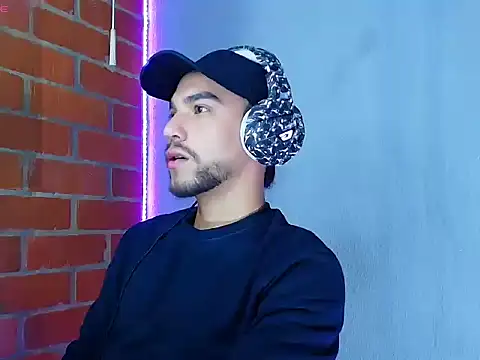 Leandro valenzuela online show from September 17, 9:00 am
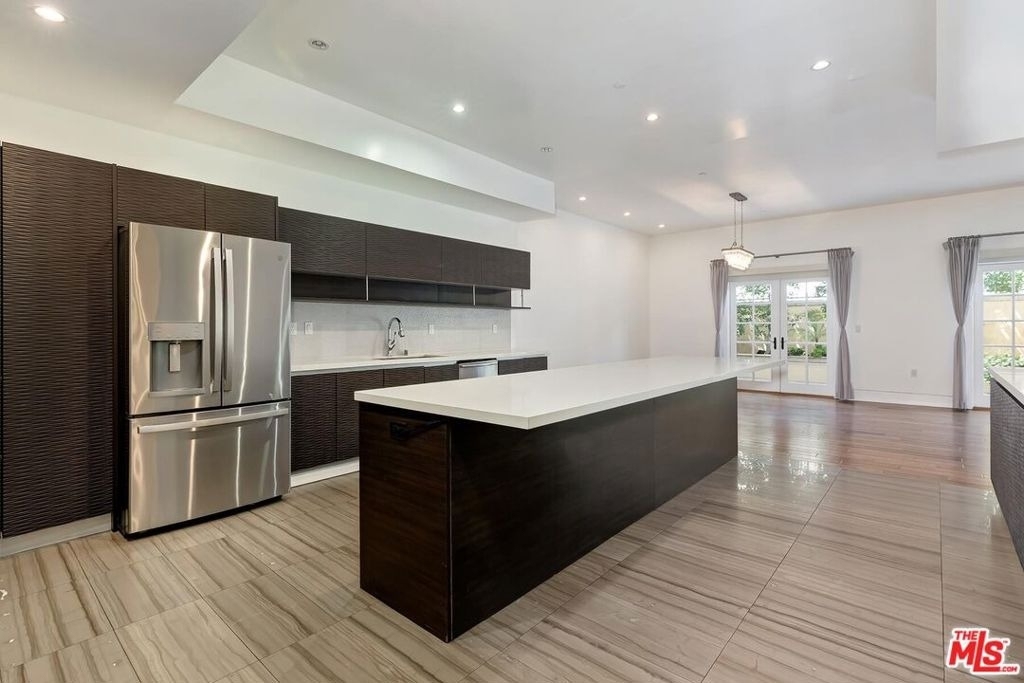 225 S Hamilton Drive - Photo 10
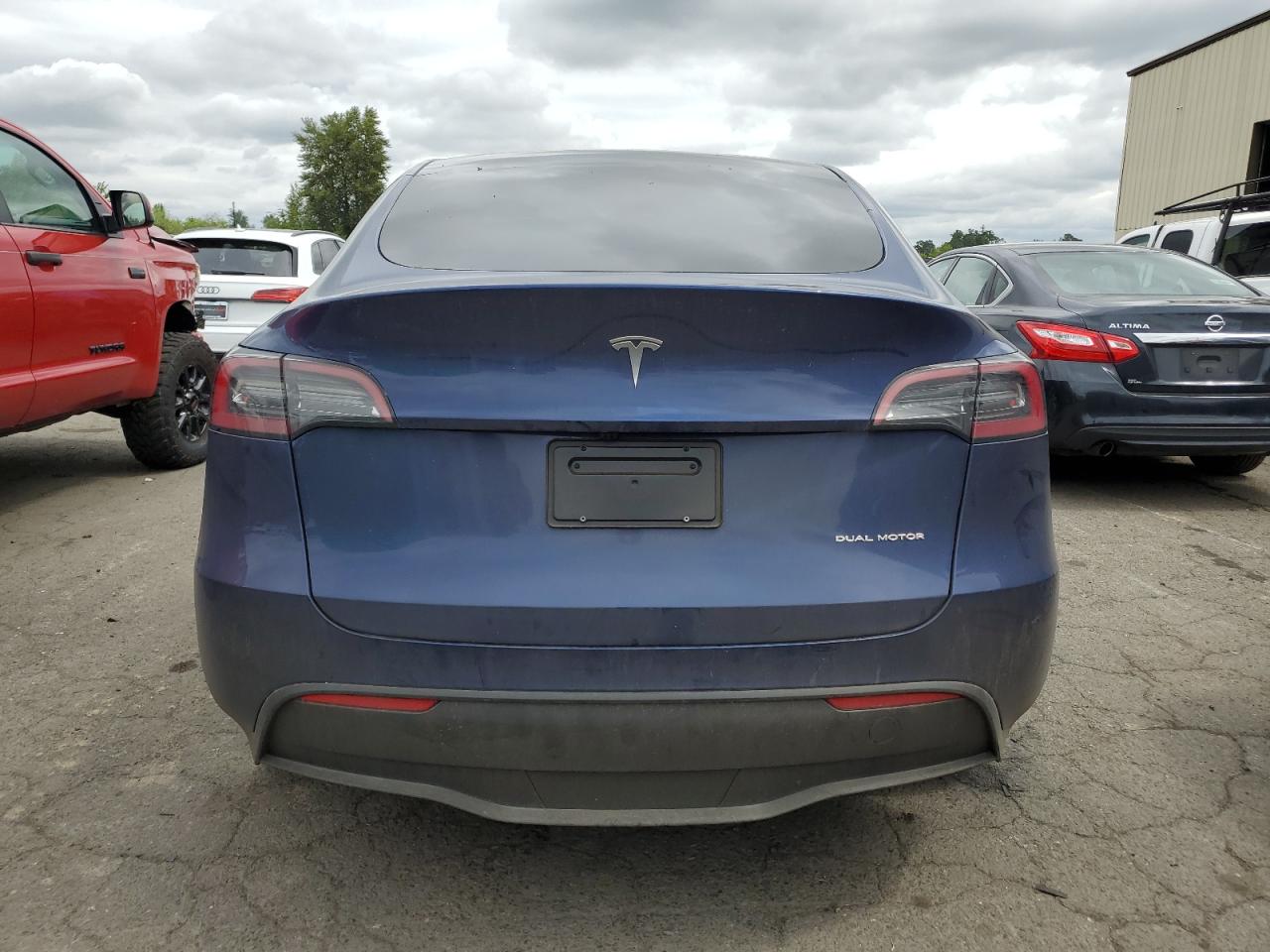 7SAYGDEE7PF907143 Tesla Model Y  6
• • •
What is needed
Without including any pictures, set down word for word every line from the one containing "225 S Hamilton Drive - Photo 10" through the last line of the material.

Answer box
 225 S Hamilton Drive - Photo 10
 7SAYGDEE7PF907143 Tesla Model Y  6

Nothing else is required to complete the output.